硬件加速,听名字就是明白是利用硬件加速。不太准确,硬件加速其实更有效进行硬件的分工,通过分工实现硬件的整体的效率的提升。其实硬件卸载就是硬件加速,而实现硬件加速就需要进行功能卸载,整体上就可以叫做硬件卸载。

硬件卸载是指将某些任务或计算从计算机的主处理器 (CPU) 或一些软件功能转移到专用硬件组件(例如网络接口卡 (NIC) 或图形处理单元 (GPU))的过程,以提高系统性能和效率。而提到硬件卸载就不得提到软件定义网络:

软件定义网络的主流的解决方案是从传统的包含专用硬件与控制平面相结合并提供选定的功能的交换机等单个设备,转移到软件定义网络抽象出的控制平面、数据平面、管理平面三个不同的层。

第一层是管理层或管理平面。它包括像OpenStack这类应用所在的位置,可以将一些配置应用于网络并将其用于虚拟化等领域。下一层是控制平面。最下面是数据平面。它由硬件(例如白盒交换机)和软件(软件数据平面)组成,数据平面就是硬件卸载所在的地方。而软件定义网络一般是指通过某种技术将网络设备的控制面与数据面分离开,形成灵活智能的网络。

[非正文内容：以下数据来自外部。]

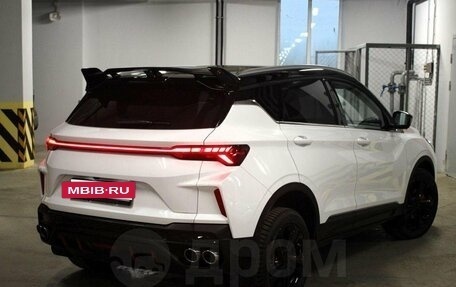 Geely Coolray I, 2023 год, 1 950 000 рублей, 10 фотография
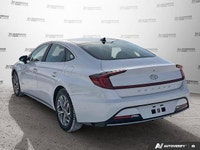 ALG Residual Value Awards, Residual Value Awards. Only 1 Miles! This Hyundai Sonata boasts a Regular... (image 3)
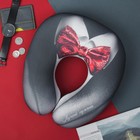 Подголовник-антистресс «Лучший мужчина» - Фото 2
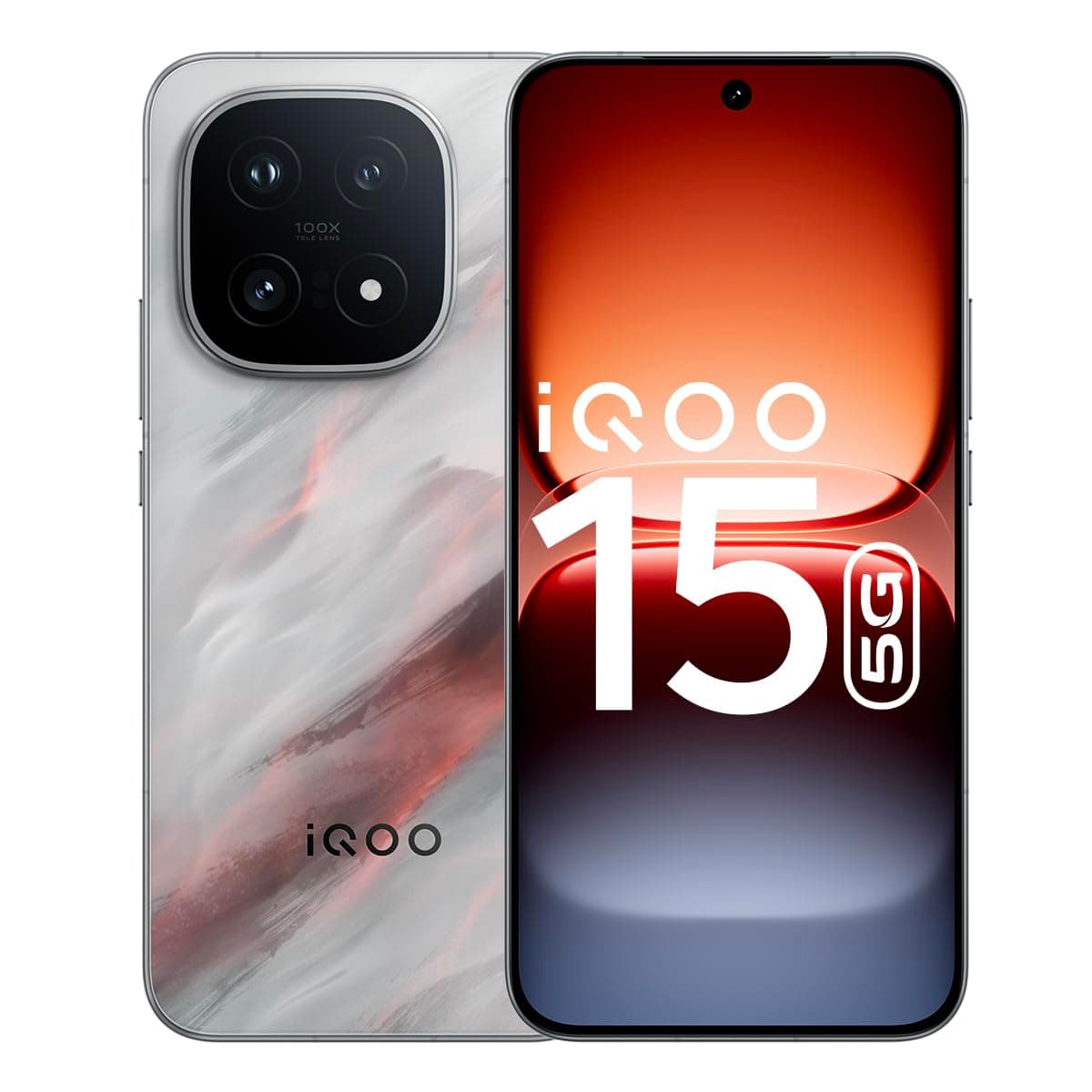 iQOO 15 Apex Edition Launched in India with 2K Display and 7000mAh Battery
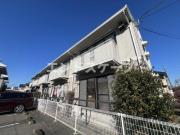 ＪＲ信越本線北高崎駅まで徒歩11分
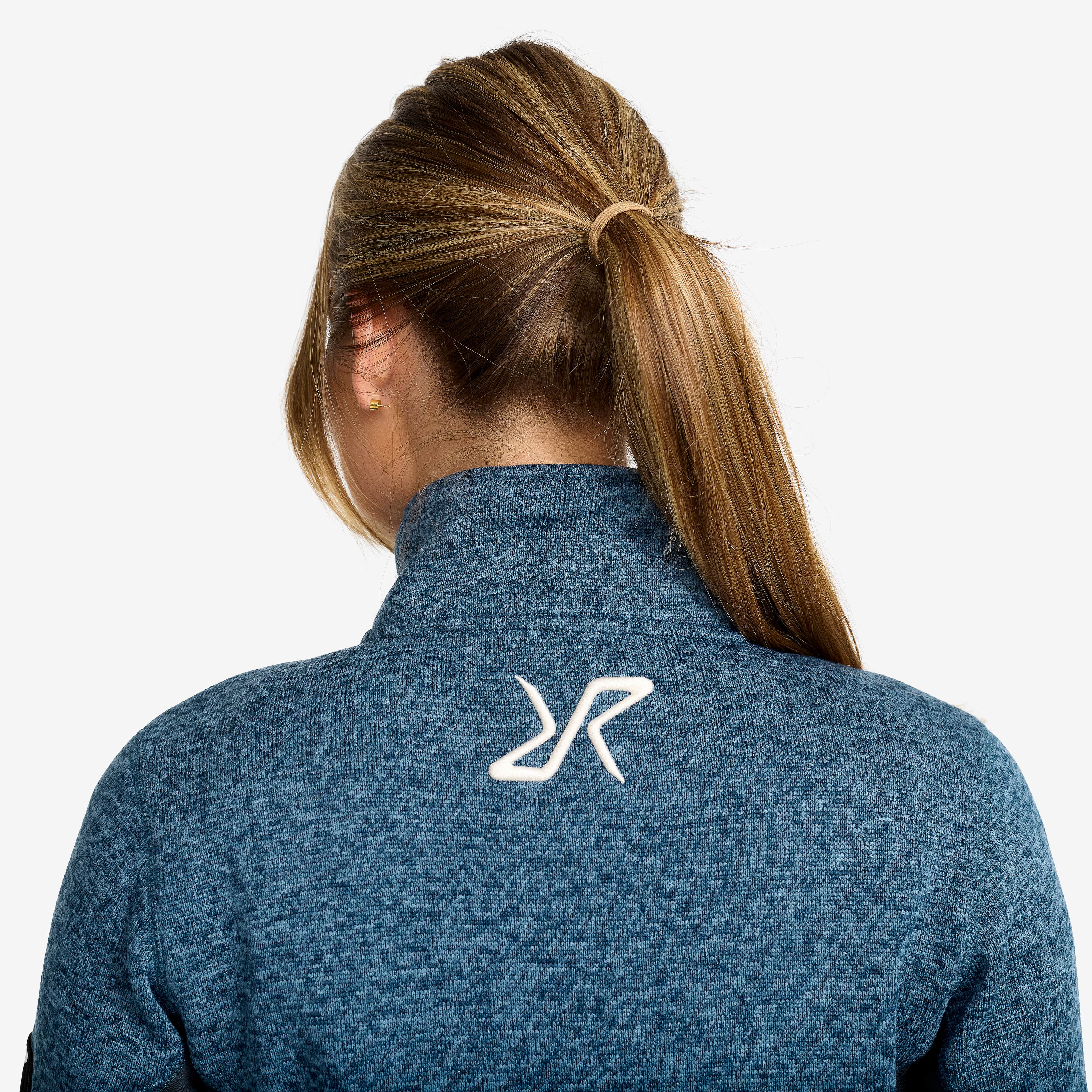 Fusion Fleece Dame Stellar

软件数据平面是一个常用的术语,用来描述处理网络数据包中用户数据的应用程序。DPDK,数据平面开发套件,这下明白了吧。

二、DPDK中的应用

DPDK主要是应对网络应用开发,所以其主要和网卡打交道。DPDK为了支持网卡的硬件卸载,需要提供相关的软件接口,具体到实际情况,网卡的硬件卸载可能是基于端口设置也可能是基于每个包设置使能。DPDK的mbuf可能是对应着一个包也可能多个mbuf对应着一个包,这在mbuf中都有对应的标识来标定(ol_flags)。在"\dpdk-stable-19.11.14\lib\librte_mbuf\rte_mbuf_core.h"中有这些具体的定义,如"PKT_RX_IP_CKSUM_NONE"等等。在相同文件夹下,还有其它一些具体的宏定义,大家也可以参考。

相关的硬件卸载功能主要是与实际的网卡的实现情况有关,其主要有以下几种情况:

1、硬件与更新功能卸载

它根据实际情况又可以分为:

a.VLAN硬件卸载,通过报文中Tag标识来进行标识控制。通过硬件卸载可以直接使用硬件操作而非软件利用CPU来进行操作,减轻了CPU的负荷。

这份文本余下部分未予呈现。